Tools

XL-LEXEME

xl-lexeme

You can use XL-LEXEME to encode the meaning of words in specific contexts. It represents the state of the art in semantic change detection. Described in WiC Pretrained Model for Cross-Lingual LEXical sEMantic changE

Available here: https://github.com/pierluigic/xl-lexeme

Janus

janus With Janus you can generate sentences in which a word appears with a meaning you choose and in the writing style of the historical period you prefer (1700-200). Described in Sense-specific Historical Word Usage Generation

Available here: https://huggingface.co/ChangeIsKey/llama3-janus

Datasets

GWSD

The GWSD Dataset (Graded Word Sense Disambiguation Dataset) is a sense-annotated dataset designed for studying diachronic word usage and semantic change. It contains:

  • 2584 word usages from the Oxford English Dicitonary (OED) and

  • 2584 automatically generated word usage examples.

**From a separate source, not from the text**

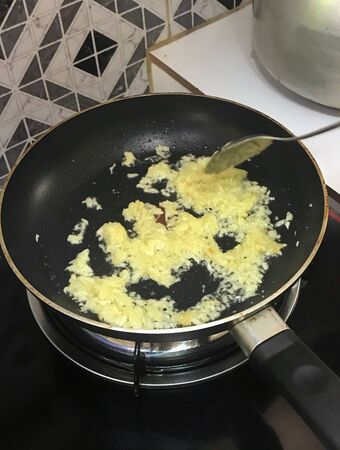 Sauteed garlic in a frying panの写真素材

In particular, the automatically generated word usage are obtained using Janus, a fine-tuned language model trained on the Oxford English Dictionary (OED), allowing for temporally aligned and sense-specific word usage examples spanning historical periods from 1700–2010. Described in Sense-specific Historical Word Usage Generation

Available here: https://zenodo.org/records/14974455

DWUG IT: Diachronic Word Usage Graphs for Italian

DWUG IT provides sense annotations for up to 50 sentences for each time period (1948–1960 and 1970–1990) and for each of the 18 target words. The annotations were performed on the Italian corpus L’Unità.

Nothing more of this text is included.